Moroni, lundi 12 mars 2007
(HZK-Presse) – Le président de
la Cour constitutionnelle,
Abdallah Ahmed Sourette, a été
démis de ses fonctions vendredi.
En réaction à cette décision
qu’il assimile à un « putsch »
fomenté par ses pairs,
l’intéressé a déclaré le
lendemain, lors d’une conférence de
presse tenue à son domicile, son
intention de continuer à
diriger la plus haute
juridiction du pays.
« Jusqu’à preuve
du contraire, je suis le président de la
Cour constitutionnelle, et j’entends le rester », dit-il.
A l’origine de cette fronde interne, la première à éclabousser
la Cour depuis sa mise en place en juin 2004, une
malencontreuse lettre que M. Sourette a adressée en
septembre 2006, au ministre de l’éducation de l’île autonome
d’Anjouan, pour lui donner, à sa demande, « un avis
personnel sur la question litigieuse du baccalauréat session
2006 », organisée dans l’île.
Objet d’une longue
controverse, le déroulement de
l’examen du Bac à Anjouan avait été déclaré « entaché
d’irrégularités » [renvoi d’examinateurs venant de Moroni et
fuites de sujets d’épreuves], amenant les autorités de
l’Union à ne pas valider les résultats, et à exiger un test
d’admissibilité à l’Université pour les bacheliers de l’île.

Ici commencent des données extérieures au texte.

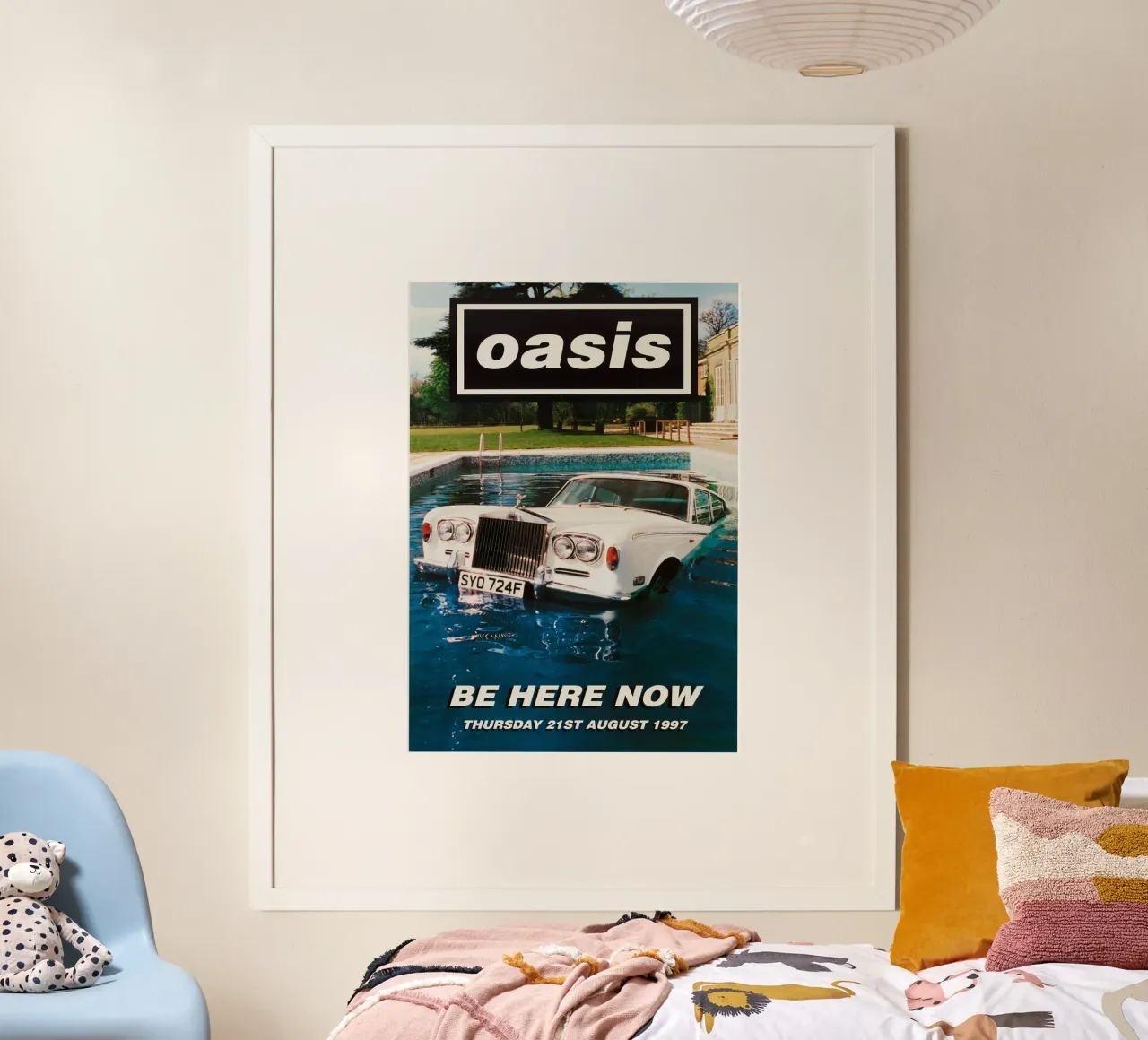 Oasis Band - Be Here Now poster da avissta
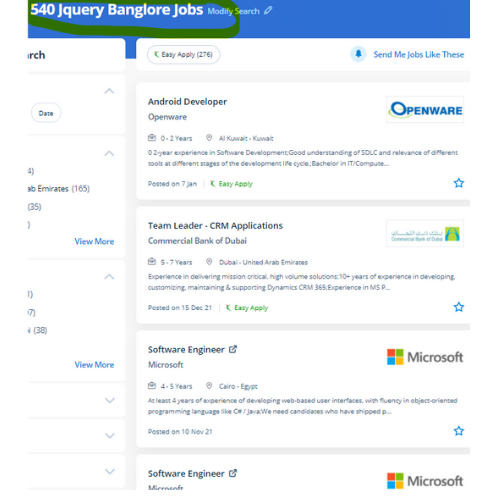 JQuery internship jobs in Sharjah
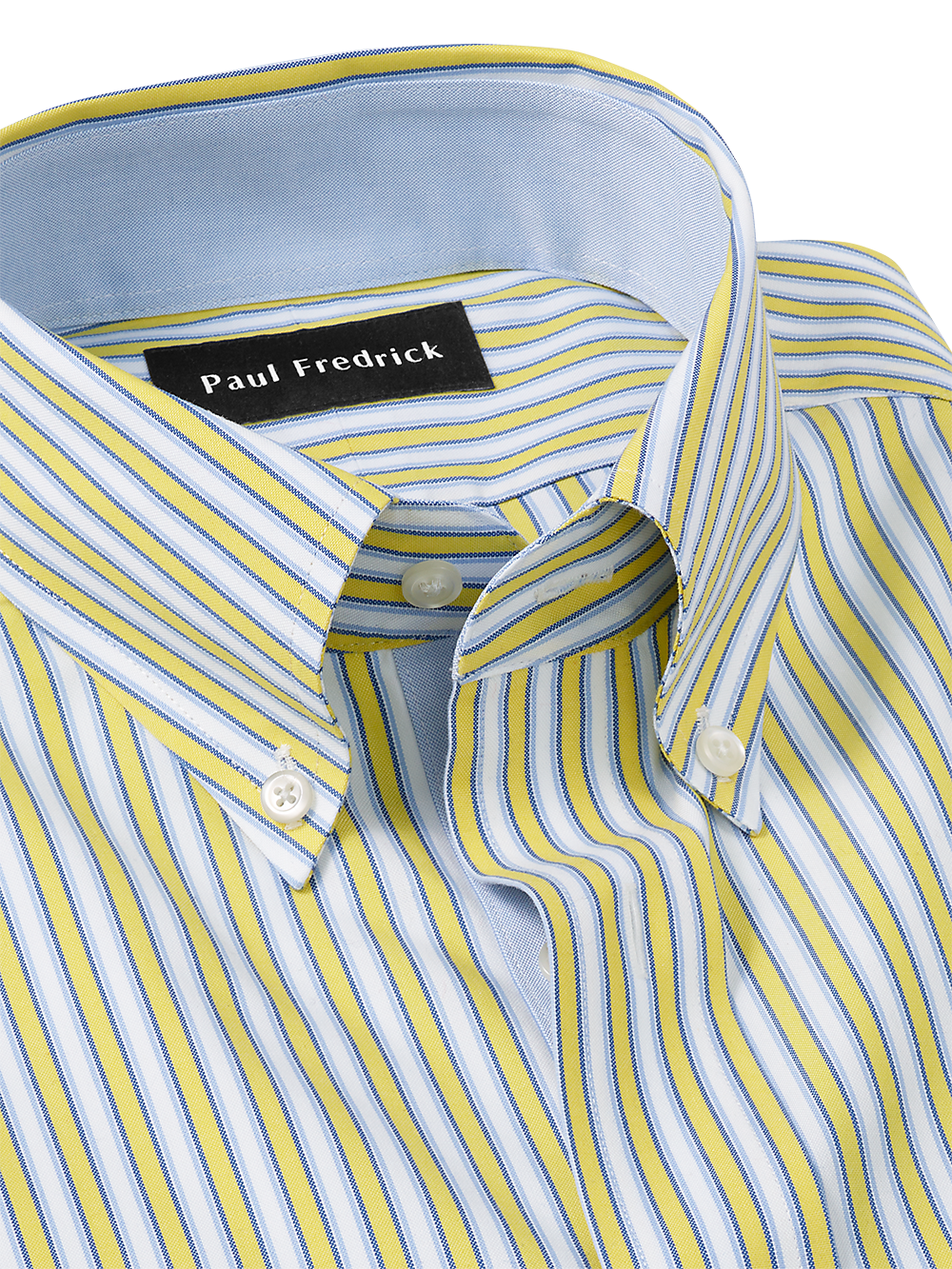 Alternate Image of Non-iron Cotton Stripe Dress Shirt With Contrast Trim-2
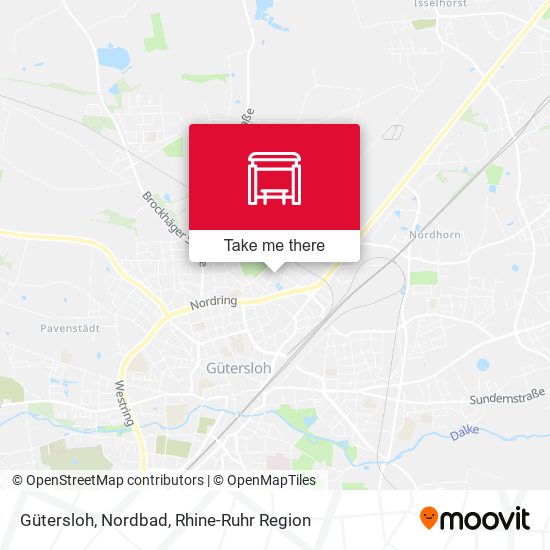 Gütersloh, Nordbad map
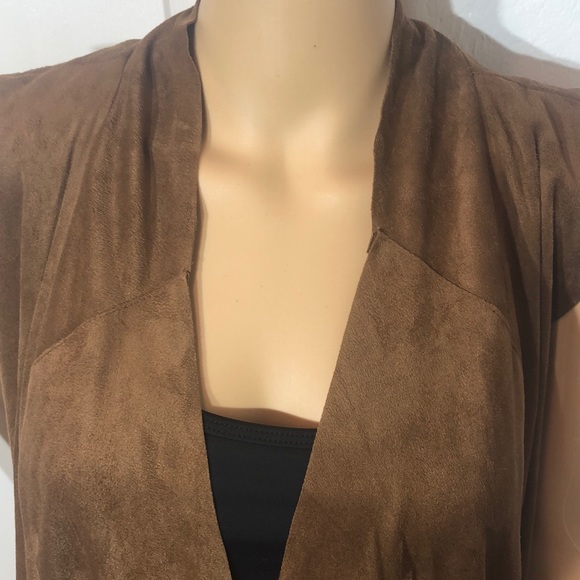 Moon Collection U.S.A. Faux Suede Boho Vest Size L - Picture 6 of 8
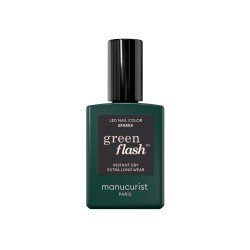 Vernis semi-permanent Green Flash Manucurist – Brillance & formule clean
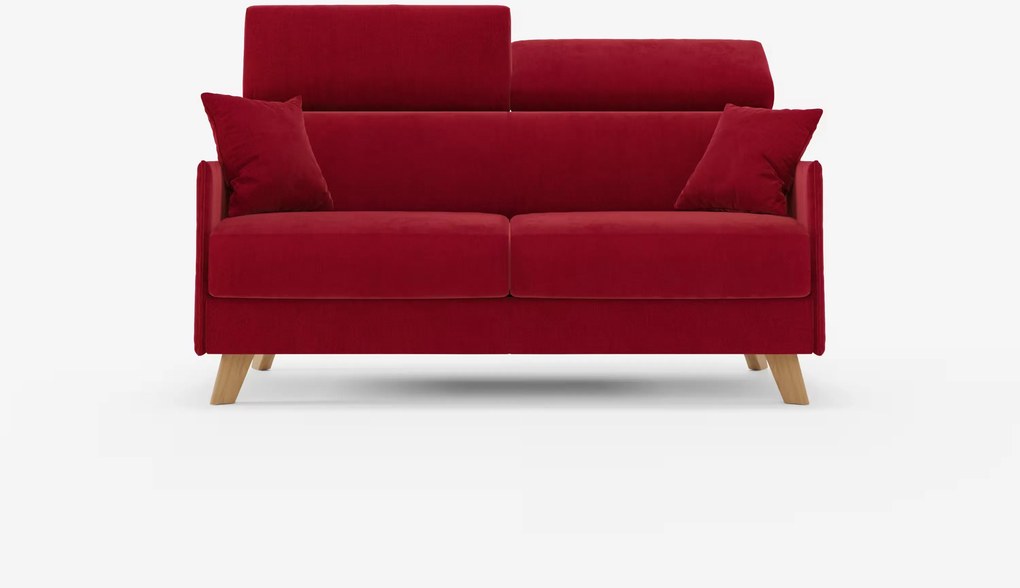 Sole divano letto matrimoniale design compatto - poggiatesta reclinabili e 100% sfoderabile in tessuto smacchiabile T23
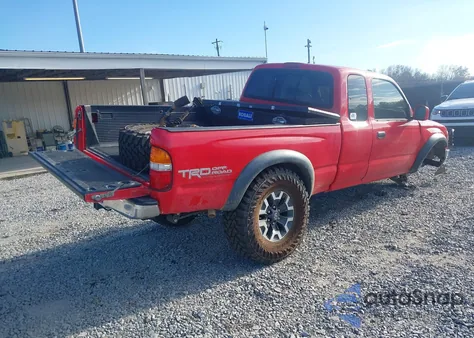 2004 Toyota Tacoma Base V6 from USA, damaged, VIN 5TEWN72N74Z362975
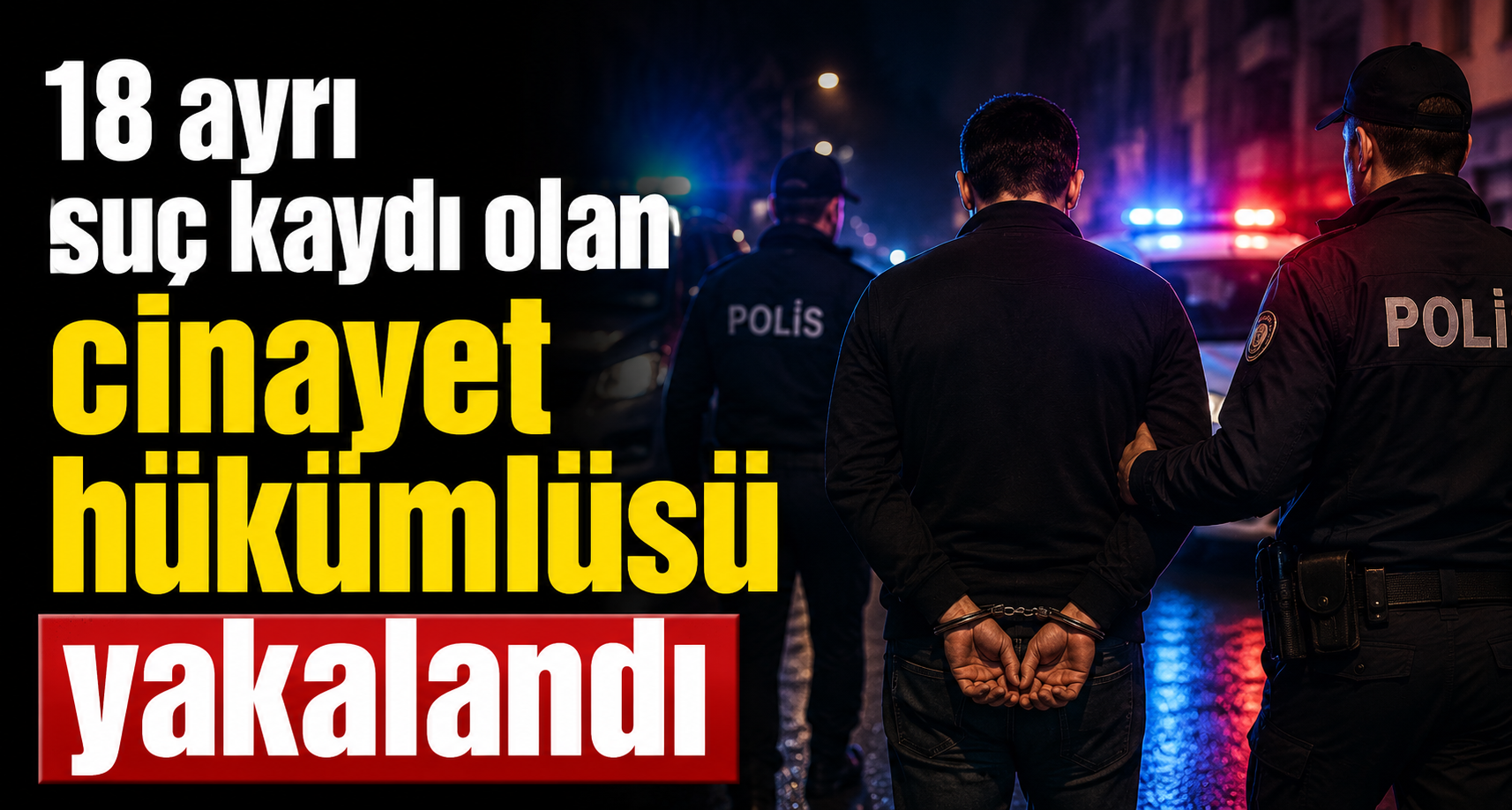18 Ayrı Suç Kaydı Olan Cinayet Hükümlüsü Yakalandı
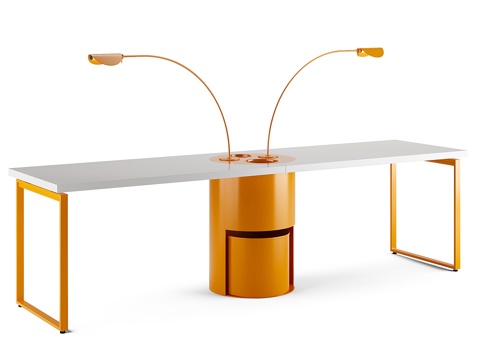  Zalf BOOG书桌3d模型 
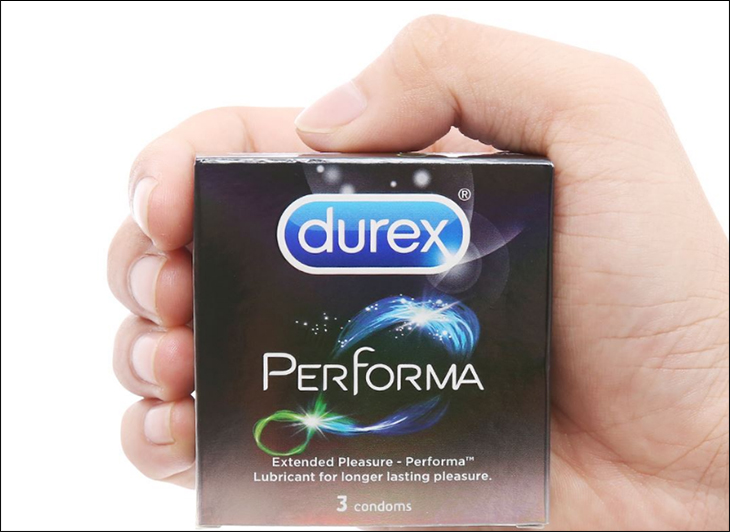 Hộp 3 cái bao cao su Durex Performa kéo dài thời gian 52mm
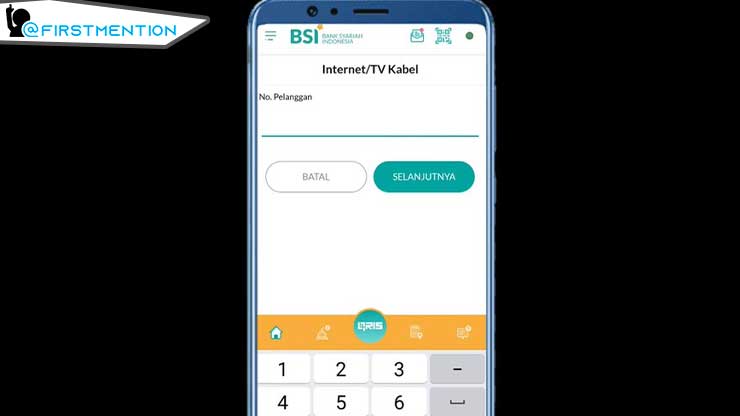 memasukkan Nomor Pelanggan Indihome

L’exécutif d’Anjouan était accusé de « violation de l’accord »
confiant au gouvernement de l’Union la supervision de cet
examen national, pour la première fois depuis l’éclatement
de la crise séparatiste en 1997.
Dans sa lettre, le président de la Cour considérait que « nulle
disposition constitutionnelle ne mentionne ni compétence
partagée, ni compétence exclusive à l’Union pour ce qui
concerne le suivi et l’évaluation de l’enseignement
secondaire ».
S’appuyant sur la loi organique relative au partage des
compétences, M. Sourette a même ajouté que ces « deux
prérogatives [revenaient] exclusivement aux îles ».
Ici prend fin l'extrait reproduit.